Enseignement, emploi et jeunesse

L’enseignement. Pour beaucoup, le niveau n’est plus ce qu’il était. Et c’est un jeune qui le dit. « Quand les Belges sont arrivés. Ils ont construit des écoles et des universités. Cela a permis à nos ancêtres et leurs enfants de bénéficier d’une bonne éducation », explique Daniel Aloterembi, 25 ans et étudiant en dernière année à l’IFASIC. Homme de lettres, il déplore qu’ »une personne peut se dire licenciée en lettre, mais parfois incapable d’écrire une phrase en français sans faire de fautes. C’est pour moi une grande déception. Les autorités doivent tenter de relever ce niveau d’enseignement pour essayer d’avancer. C’est inimaginable de penser que nos parents qui ont fait des études moyennes ont un niveau plus élevé que nous. Nous devons nous interroger et voir comment remédier à ce problème. »
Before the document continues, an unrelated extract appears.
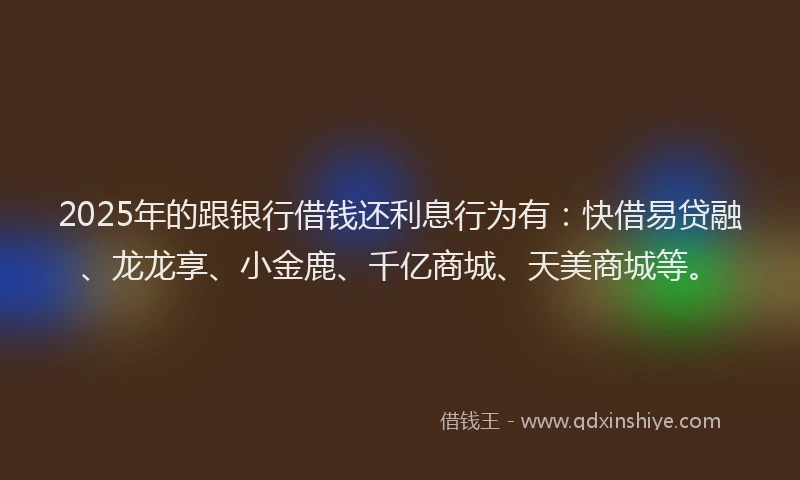 2025年的跟银行借钱还利息行为有：快借易贷融、龙龙享、小金鹿、千亿商城、天美商城等。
L’emploi. C’est en RDC l’un des grands problèmes et l’une des priorités des jeunes congolais. Eunice Etaka est juriste et membre de la Lucha. Ce mouvement citoyen congolais non-partisan et non-violent a été lancé le 1er mai 2012 à Goma, en RDC, suite à un ras-le-bol de jeunes choqués, indignés et révoltés par la situation de chaos général du pays. « 80% des jeunes sont au chômage. Que font-ils ? Actuellement, c’est le chaos pratiquement total tant sur le plan social, économique et politique », déplore-t-elle.
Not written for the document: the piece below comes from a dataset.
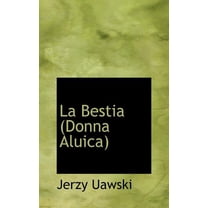 La Bestia (Donna Aluica) (Hardcover)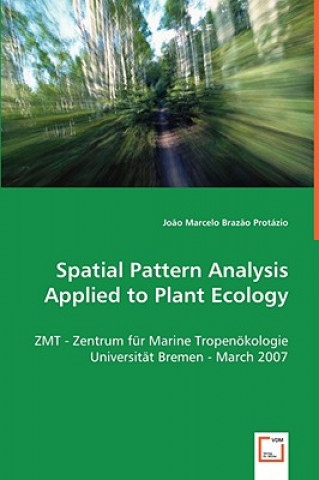 Spatial Pattern Analysis Applied to Plant Ecology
L’existence d’un mouvement citoyen comme Lucha illustre
les désenchantement des jeunes congolais.

« Malheureusement, la colonisation a pris une autre forme. Elle n’est plus officielle mais elle est devenue officieuse. Les pillages continuent mais sous une autre forme, poursuit la jeune Congolaise. La négociation de matière première est faite de non-sens. Le traitement du Congolais en tant qu’être humain pose un problème. Il est traité de manière inégale à l’intérieur et même à l’extérieur du pays ».

Pourtant, la jeunesse congolaise se mobilise pour tenter de faire bouger les lignes. C’est le cas de Prisca Manyala, Présidente des étudiants congolais : « Mon espoir pour le Congo, c’est d’avoir des autorités qui comptent sur leurs citoyens et des citoyens qui ont confiance dans ceux qui les dirigent. Un Congo fort, un Congo de confiance, un Congo uni où le tribalisme ne divise pas, où le régionalisme ne détruit pas. »

La jeunesse. C’est pour Florimond Muteba, Président du Conseil d’administration de l’ODEP, l’Observatoire de la dette publique, la clé d’un possible succès de la RDC : « Pour moi, l’avenir, il est dans cette jeunesse. C’est elle qui va nous aider à nous débarrasser de toutes les forces négatives qui sont en train de dominer le Congo. Toute cette classe politique médiocre, il faut qu’elle dégage. »

Soixante ans après l’indépendance, le bilan de la République démocratique du Congo est contrasté. D’un passé composé et compliqué, les Congolais espèrent désormais un futur simple, un pays prospère et une population apaisée.